• ASSIGNMENT:
A verbatim transcription of the listing below is required, without its pictures.

• THE DATA:
-------------------------

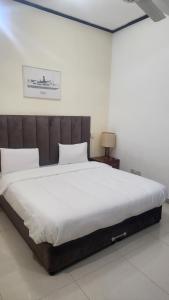 Ένα ή περισσότερα κρεβάτια σε δωμάτιο στο Qurum Beach Hotel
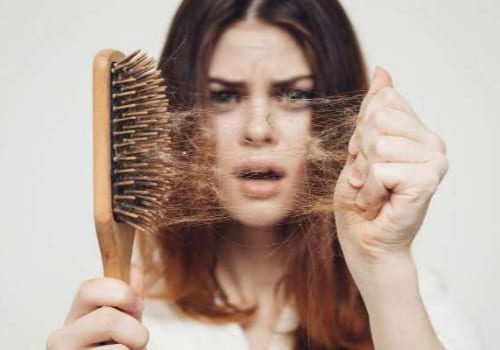 Thận yếu gây rụng tóc có nguy hiểm không?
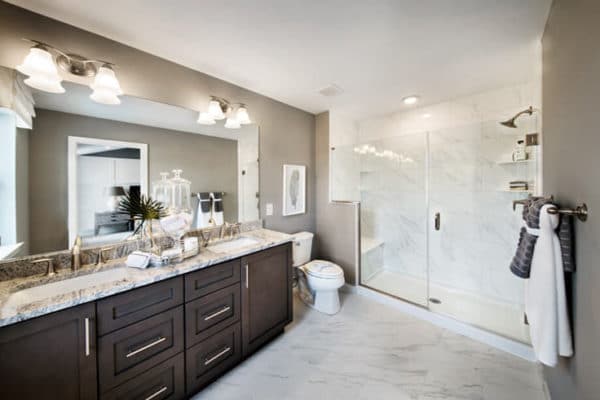 lantai kamar mandi batu alam putih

-------------------------

• SOLUTION BELOW:
 Ένα ή περισσότερα κρεβάτια σε δωμάτιο στο Qurum Beach Hotel
 Thận yếu gây rụng tóc có nguy hiểm không?
 lantai kamar mandi batu alam putih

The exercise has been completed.